You are viewing a plain text version of this content. The canonical link for it is here.
Posted to dev@openjpa.apache.org by "Roytman, Alex" <Ro...@peacetech.com> on 2006/10/06 00:52:53 UTC

Proposal: Optimizing empty collection fetch. Meta Column in ContainerFieldMappling

Hello Abe,

I would like to present a valid use case and a very useful performance
enhancement.

The idea is that, if we know that a collection field is empty there is
no need to fetch it.

It can provide a truly dramatic performance improvement when in a large
set of instance only some of them have non-empty collection field.
Consider a very common case - composite (tree like) data structures.
Unlike true composite pattern typical tree structure does not have a
special leaf class that is any node of a tree can potentially have
sub-nodes. When traversing such a tree as many as 70% of fetches of
child nodes will yield empty collection because obviously leaf level is
the larges in a tree structure :-)  

I wrote a prototype custom 1-N mapping which allow to store "empty" flag
(whether the collection is empty) on commit and will store empty
collection into StateManager on collection field load if the flag is set
to true (empty) instead of going to database to fetch it.
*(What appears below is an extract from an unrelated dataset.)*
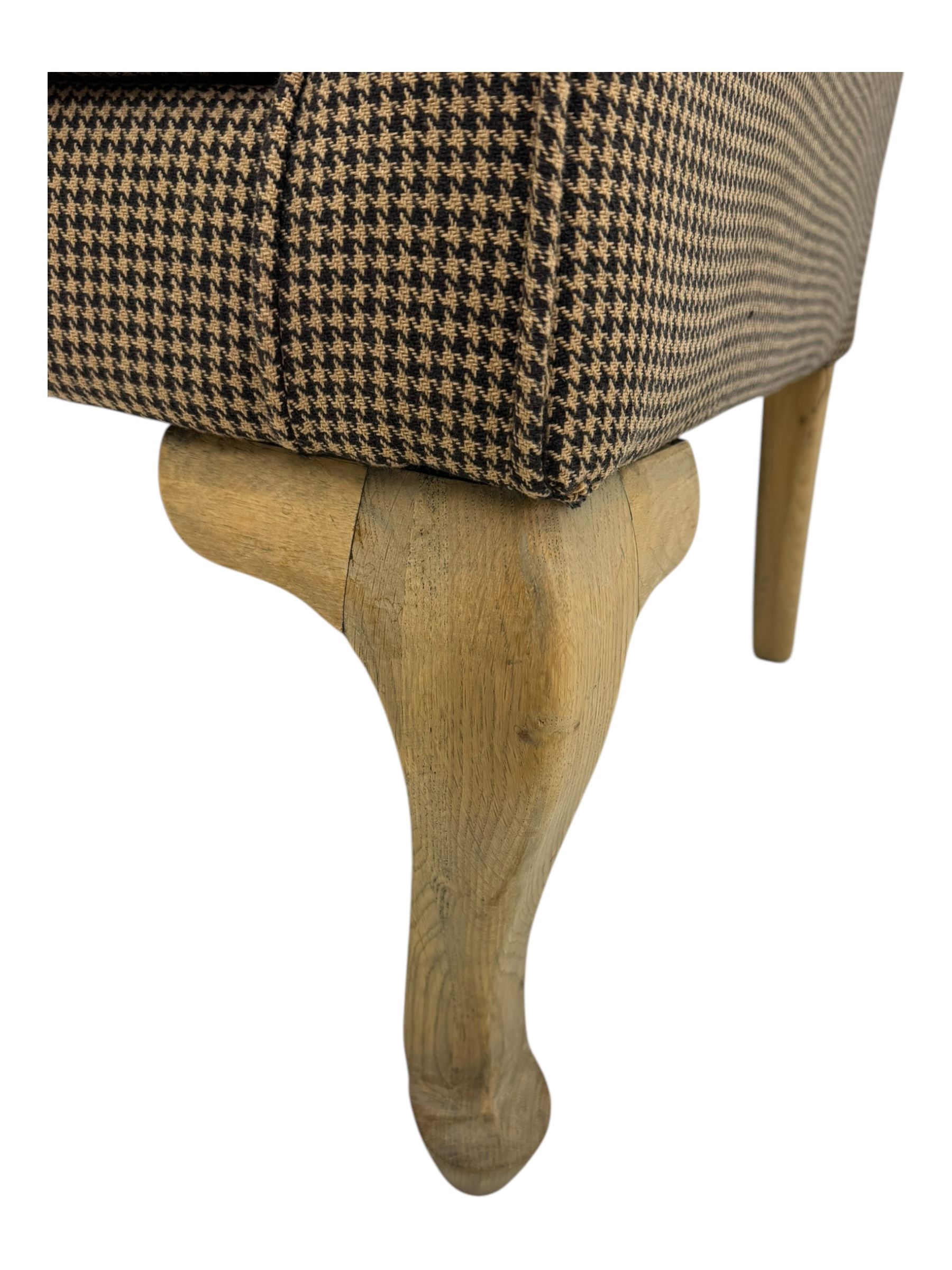 Hardwood-framed wingback armchair, upholstered in dog tooth pattern fabric, on cabriole supports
The results were dramatic - when traversing 800-node tree number of
"fetch-sub-nodes" SQL statements was cut from 800 to 130.

Non-Tree cases when objects have sparsely populated collection field can
be even more dramatic.

If concurrency of the collection field is controlled on owned class
level (default) I think there is no dander of this flag being out of
synch with actual collection content without entering concurrent
modification state.

I have not had chance to think through transaction commit implications
if any.

There is a very nice facility in ContainerFieldMappling for indicating
null container fields. I wonder why it so much hard wired to empty/null
and does not allow non-empty/empty/null differentiation and
optimization.
Any reason it is so restrictive? Any plans to make it a bit more
flexible or directly implementing the behavior I outlined above?
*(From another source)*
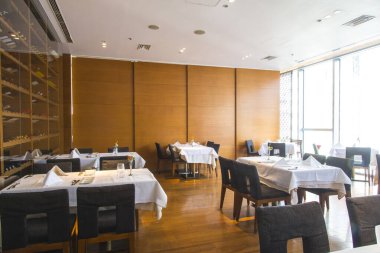 Restoranın içinde boş masalar ve sandalyeler.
I would greatly appreciate if you could comment on this and may be
suggest the best approach implementing this. Or may be it is already
implemented and I am missing it :-)

Best Regards

Alex Roytman
Peace Technology, Inc



Re: Proposal: Optimizing empty collection fetch. Meta Column in ContainerFieldMappling

Posted by Marc Prud'hommeaux <mp...@apache.org>.
Alex-

That does sound like a good feature to add. Note that I think the  
"null-indicator" attribute is only available for embedded mappings,  
not for container mappings (although I could be wrong about this).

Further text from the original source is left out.